# Ht ice blue rods



## perchkilla (Oct 11, 2010)

Anybody use the ht ice blue ultra light rods. They are cheap just wondering if there worth the 10 bucks or a waste of money. 

Outdoor Hub mobile, the outdoor information engine


----------



## KILLnGRILL (May 9, 2003)

I've got 3 and I love them .For $10 you can't beat them.


----------



## HoytAlphaMax32 (Nov 10, 2009)

Use them for smelt fishing. They work great. 


Outdoor Hub mobile, the outdoor information engine


----------



## perchkilla (Oct 11, 2010)

Yeah they look real sensitive, and that's what I want since I fish mainly for perch. 

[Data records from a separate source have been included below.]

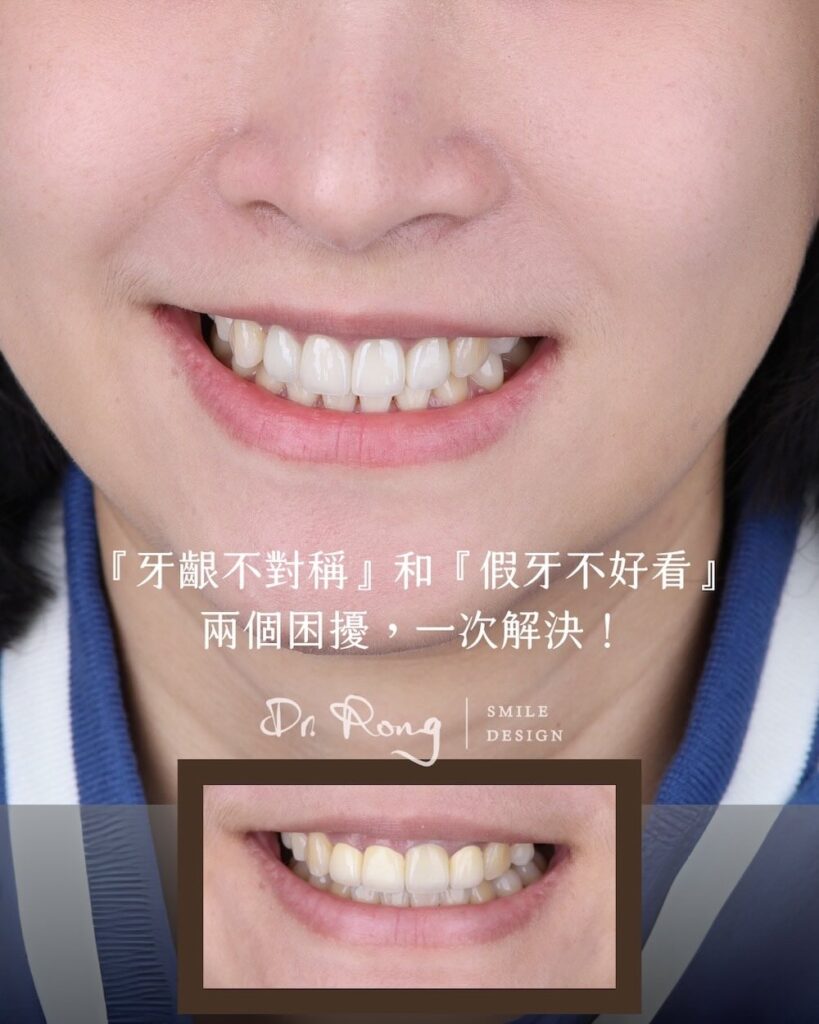 牙齒不對稱與假牙不自然，透過微笑設計重做假牙，重建協調亮白笑容
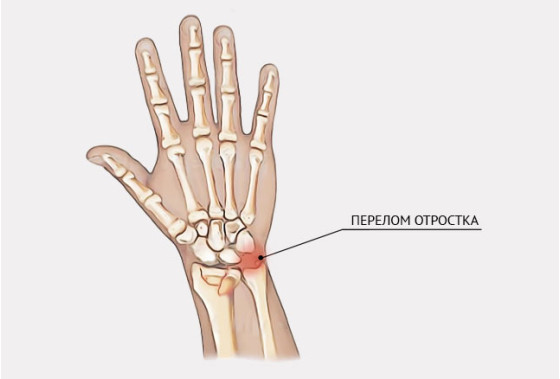 Перелом локтевого отростка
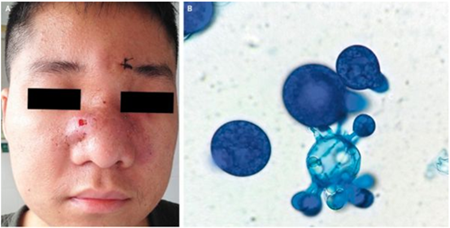 鼻面部虫霉病1例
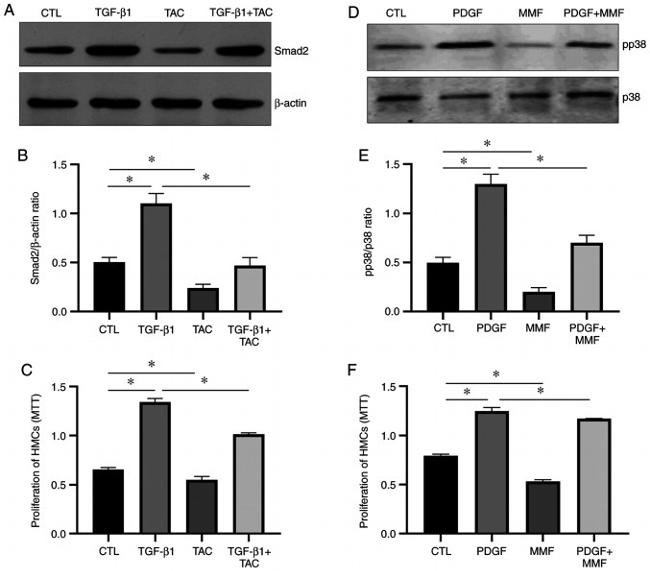 SMAD2 Antibody in Western Blot (WB)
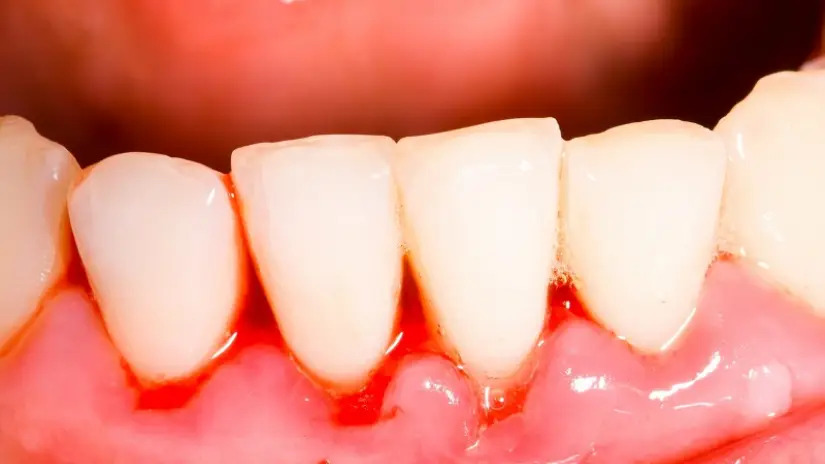 Dấu hiệu bị nha chu Dấu hiệu bị nha chu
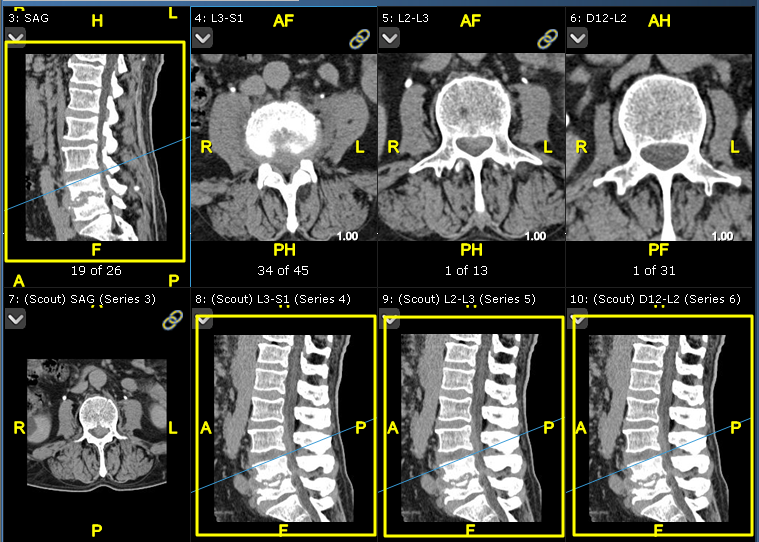 Παράδειγμα εξέτασης με τέσσερις σειρές με κοινό πλαίσιο αναφοράς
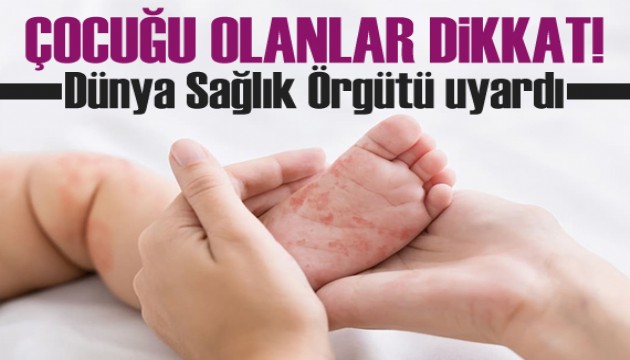 Çocuğu olanlar dikkat! Dünya Sağlık Örgütü uyardı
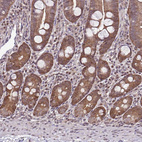 Anti-ITPKC Antibody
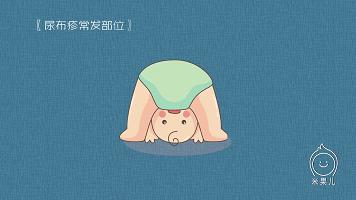 宝宝身上出现疹子该如何处理,如何分辨宝宝身上的疹子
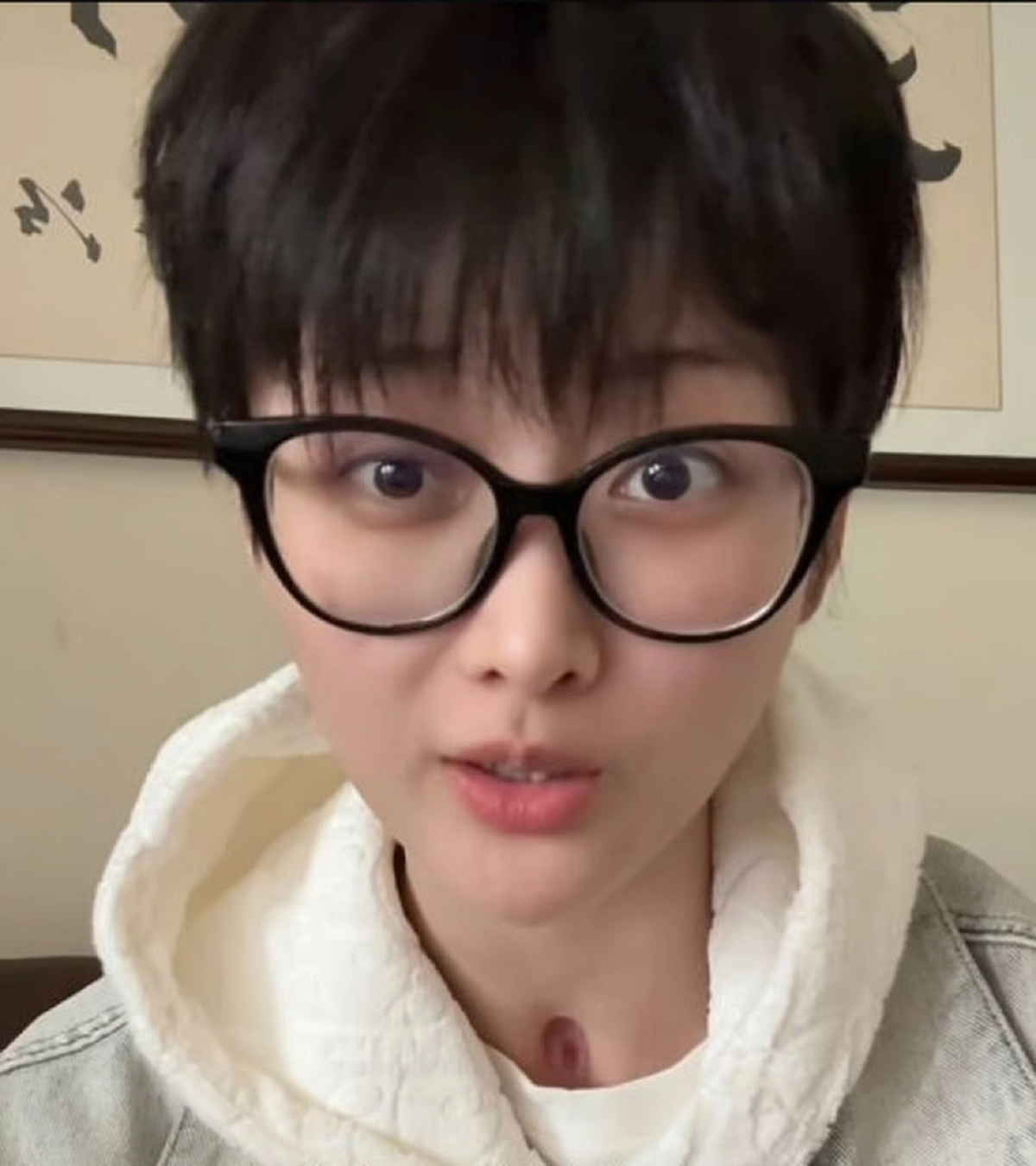 와나난은 사고 이후 약 17개월 만에 올린 복귀 영상에서 근황을 전했다. 163.com 캡처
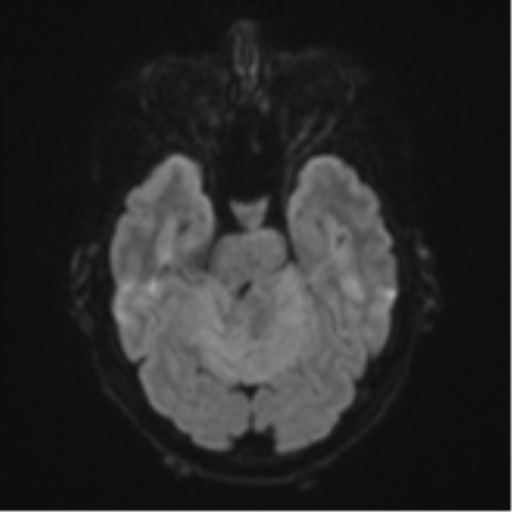 Cerebellar metastasis (Radiopaedia 51137-56765 Axial DWI 38).png
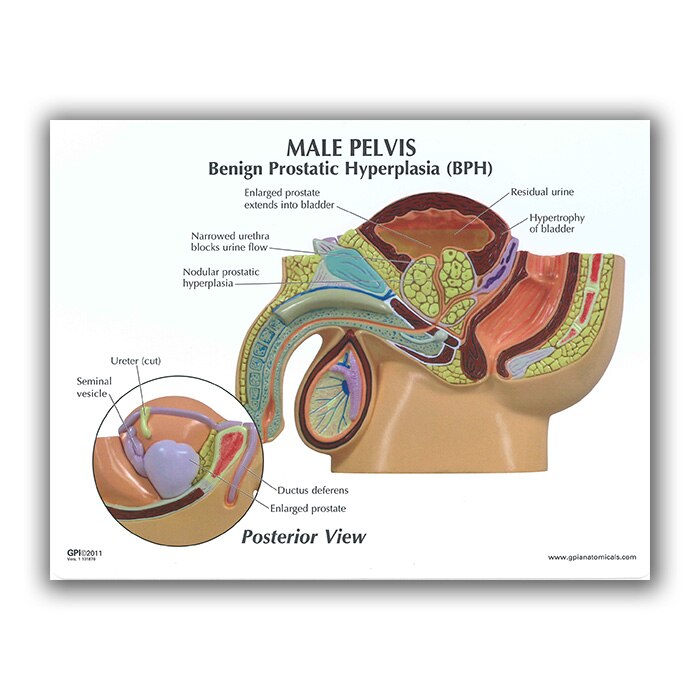 prostate anatomy 3d)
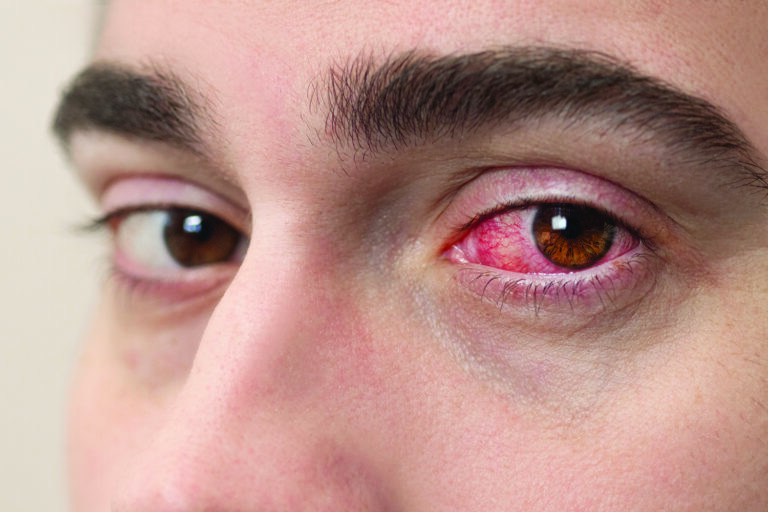 Blepharitis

Outdoor Hub mobile, the outdoor information engine


----------



## ih772 (Jan 28, 2003)

I have about a half dozen and use them for smelt, pan fish and perch. I like the 36" ultra light for smelt and the 24" ultra light for perch and pan fish.


----------



## slowpoke69 (Nov 29, 2010)

I have the 36" and absolutely love it. I use it for pan fish. Gonna try for smelt this year.

Sent from my DROID X2 using Tapatalk


----------



## redneckman (Dec 7, 2005)

I have the 30. Bass and pike are a thrill on them.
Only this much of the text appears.